La mort et l'usine
Ma chère Jeanne, certains livres sont comme des lieux qui nous ont marqués à jamais. Des lieux où l'on s'est senti bien, des lieux où l'on se sent en communion avec l'air qu'on y respire, avec les paysages devant lesquels on reste contemplatifs et serein. Oui Jeanne, il y a des livres qui vous initient au voyages intérieurs après avoir gouté à la beauté des choses dans la vraie vie.
Parfois j'ai envie de lire ou de relire un livre comme pour satisfaire une envie soudaine. La femme enceinte qui a une envie de fraises. Moi j'ai des envies de livres. Moi, j'ai envie de voyages dans le temps. Moi, j'ai envie de savoir comment les hommes ont vécu, pensé et souffert
Est-ce la mélancolie des jours sombres d'automne qui me pousse à des langueurs littéraires?

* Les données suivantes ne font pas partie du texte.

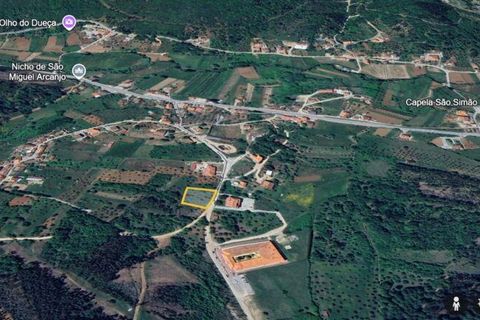 Helårsgrund i Penela, Coimbra, Penela - € 18.000 | Ref: 45930 - foto 4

Est-ce cette brise automnale qui fait se balancer les arbres hauts devant ma fenêtre, en delivrant un doux mumure ?
Ou est-ce la Camarde qui me fait savoir tout simplement par signes sibyllins : " là où je t'emmène, tu n'as pas besoin de livres" ?
Je vais relire "notre cœur" de Maupassant.
J'ai pris trois jours de repos. Le travail d'usine me fatigue. J'aime me replonger dans un livre qui, paradoxalement, est un livre qui raconte la vie d'un ouvrier. La poèsie se cache parfois là où elle n'a rien y faire. Pour ceux qui comme moi ressentent l'anxiéte de la vie comme une seconde nature, le bruit et la fureur sont un exutoire très efficace. Je dirais même un divertissement au sens pascalien. En cela l'usine présente un avantage. On voit des gens. Les mêmes. Toujours souffrant mais toujours vivants. C'est peut -être le seul lieu où l'on se sent immortel. Le bruit, la fureur du métal qui cogne vous divertit de la mort. Est-ce pour cela que le bougre retraité rend l'âme le plus souvent quelques mois seulement après la quille ?
Un brusque retour des choses ?
La mort et l'usine sont-elles les seules mesures de toute chose ici bas?
Jeanne , ton Adrien qui ne cesse de penser.